Four years in the books. Four different champions. Eight different Super Bowl participants. Only one team has made the playoffs in every year of the league’s existence. This is a tough league to win. All of which makes this coming year all the more exciting. Who will win it all in 2017? And who can possibly wait for the end of the year to find out?
No worries, my friends! The season is largely unnecessary. A mere formality. I’m about to tell you who is going to win. So pull up a chair and get ready to have your mind filled with brilliant prognostication! With my 0/4 record of predicting championships and 1/8 run of predicting Super Bowl participants (Buffalo 2015, I see you), you can certainly trust my analysis.
But before I get to it, one final apology. Detroit and Houston both had epic playoff runs last year on the way to Super Bowl glory. They deserved to be covered, chronicled, an heaped with praise week in and week out. But I was a slacker last year and did not give either of them the writing or the credit they deserved. I can’t really fix that now – but please guys, accept my heartfelt apologies for not giving you the column space you both so richly deserved!
On to the predictions – this year, we begin with the South divisions. I’m pretty sure I haven’t started there before. But it’s also possible that I think that every year, and have started with them three years running. Whatever. I’ll get to everyone, so hold your horses! 🙂
Houston Texans (11-5): It’s hard to repeat as the AFC Champion. And in a division as competitive as the AFC South, it may be hard to even get a repeat playoff berth. But the Texans, my friends, are loaded for the bear. How so? Well, the Texans have pursued a startlingly effective strategy I eloquently like to call “Find the scarce resource and hoard the shit out of it”. In this case, that scarce resource is workhorse running backs. With the rise of platoons, actual stud workhorse running backs have gone the way of the Dodo bird and the well-paying coal mining job. You can’t find them. You can’t bring them back from China. They are extinct. Except for in Houston. That’s the one place you can still find a classic RB1. At one point this off-season, Houston had David Johnson, Jordan Howard, Mike Gillislee, and Carlos Hyde all chilling on the roster. Even after flipping Hyde for a king’s ransom, the Texans are still sitting on what could be three of the leagues top ten backs, and very likely two of the top five. That’s silly, and as a liberal, I am well within my rights to demand running back redistribution.
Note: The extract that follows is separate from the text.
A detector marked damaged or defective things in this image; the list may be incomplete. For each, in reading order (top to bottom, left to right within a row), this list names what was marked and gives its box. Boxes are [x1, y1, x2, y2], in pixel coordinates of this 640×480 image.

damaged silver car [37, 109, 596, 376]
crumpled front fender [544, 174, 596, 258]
The problem for the rest of the league is that the rest of this team is good too. Jameis Winston looks like a franchise QB, Austin Hooper is poised to break out at Tight End, and while the receiving corps won’t finish among the league’s best, a combination of Chris Hogan, Donte Moncrief, Ted Ginn and Tonic, and Kenny Golladay should get the job done. Defensively, this time is well set up to stop the pass with an excellent secondary of Jonathan Cyprien, Desmond Trufant, and Earl Thomas anchoring the defensive backfield. The ancient and oft-injured Brian Cushing is joined in the defensive secondary by the less ancient but still injured Bruce Irvin and the rarely injured but sometimes high Chandler Jones. It seems complicated. But it’s a good complicated. Even the defensive front line, which should be this squad’s weakness, received a solid infusion of talent with Solomon Thomas.
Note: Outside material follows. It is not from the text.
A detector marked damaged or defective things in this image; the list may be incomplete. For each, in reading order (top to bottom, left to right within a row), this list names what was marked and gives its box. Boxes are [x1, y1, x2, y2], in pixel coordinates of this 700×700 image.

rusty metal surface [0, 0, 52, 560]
This team isn’t a super team. It’s not going to death march folks the way we’ve seen with some squads. But it’s very good. It lacks weaknesses. And I anticipate a lot of games where the Texans bring in the jumbo set, hand it off a billion teams, and pound the rest of us to dust.
Tennessee Titans (8-8):
Every year, I declare that Tennessee is an up and coming young team. Improving. Young stars. Getting better and better. Last year, I thought they were in contention, but potentially a year away. They got close. And Houston was supposed to get old, paving the way for the rebuild to become the winner. Somehow, though, Houston got young instead of getting old. I’m not sure how that works. And I’m not sure Tennessee has the horses to get over the top – despite being a better team with increasing star power.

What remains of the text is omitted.